ACTIVITY: The line with "Used 2025 Chevrolet Trax 2RS SUV" through the last line of the entries: give these again exactly, and only these, without any pictures.

────────

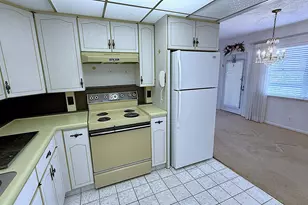 3082 Oakridge U, Deerfield Beach, FL 33442 - Photo 12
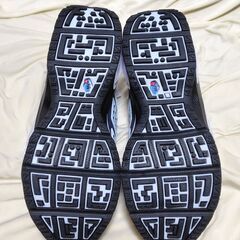 【まだ受付中･送付可能】新品タグ付 NIKE ナイキ ウィメンズ エア マックス SNDR レディース 24.5㎝  スニーカー 早い者勝ちです✨✨の画像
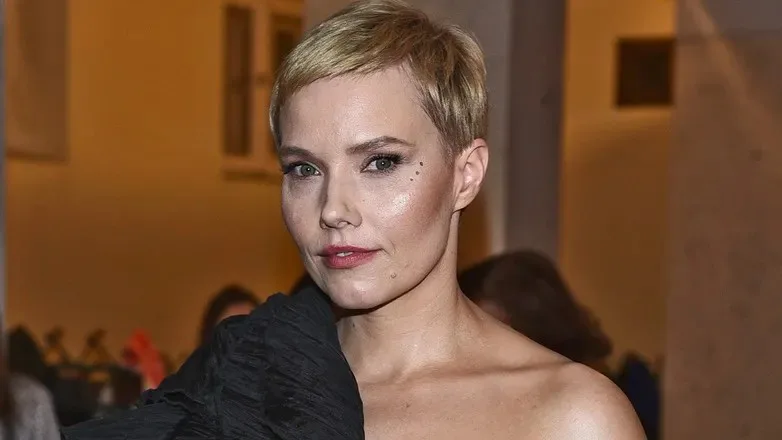 Roma Gąsiorowska Biography: Movies & TV Shows, Net Worth, Husband, Age, Kids, Parents, Sister, Height, Ethnicity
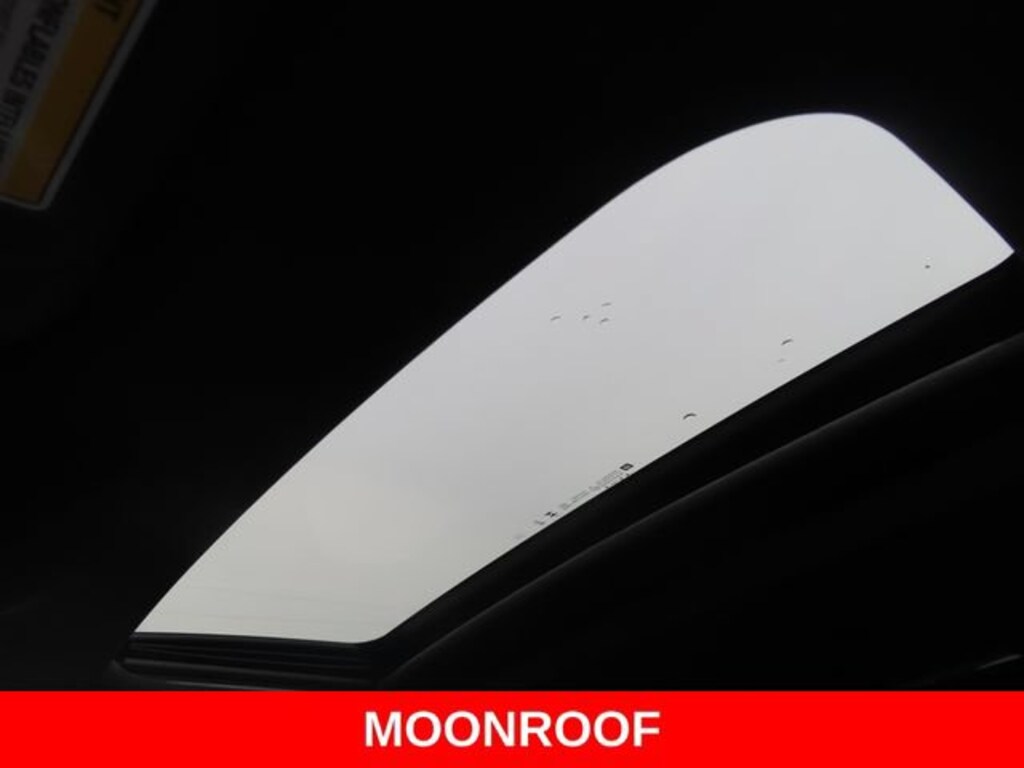 Used 2025 Chevrolet Trax 2RS SUV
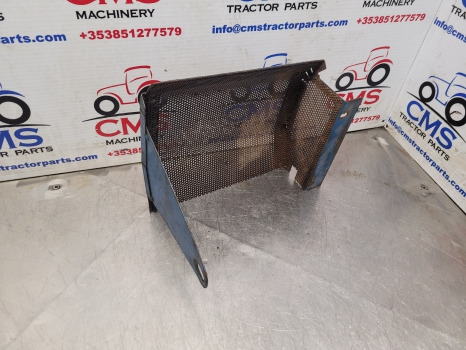 Ford 7910, 7810, 8210 Engine Side Guard, Shield Grill Cut, Parts E9nn19n710aa11b - Решётка радиатора: фото 5 Ford 7910, 7810, 8210 Engine Side Guard, Shield Grill Cut, Parts E9nn19n710aa11b - Решётка радиатора: фото 5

────────

YOUR SOLUTION:
 Used 2025 Chevrolet Trax 2RS SUV
 Ford 7910, 7810, 8210 Engine Side Guard, Shield Grill Cut, Parts E9nn19n710aa11b - Решётка радиатора: фото 5 Ford 7910, 7810, 8210 Engine Side Guard, Shield Grill Cut, Parts E9nn19n710aa11b - Решётка радиатора: фото 5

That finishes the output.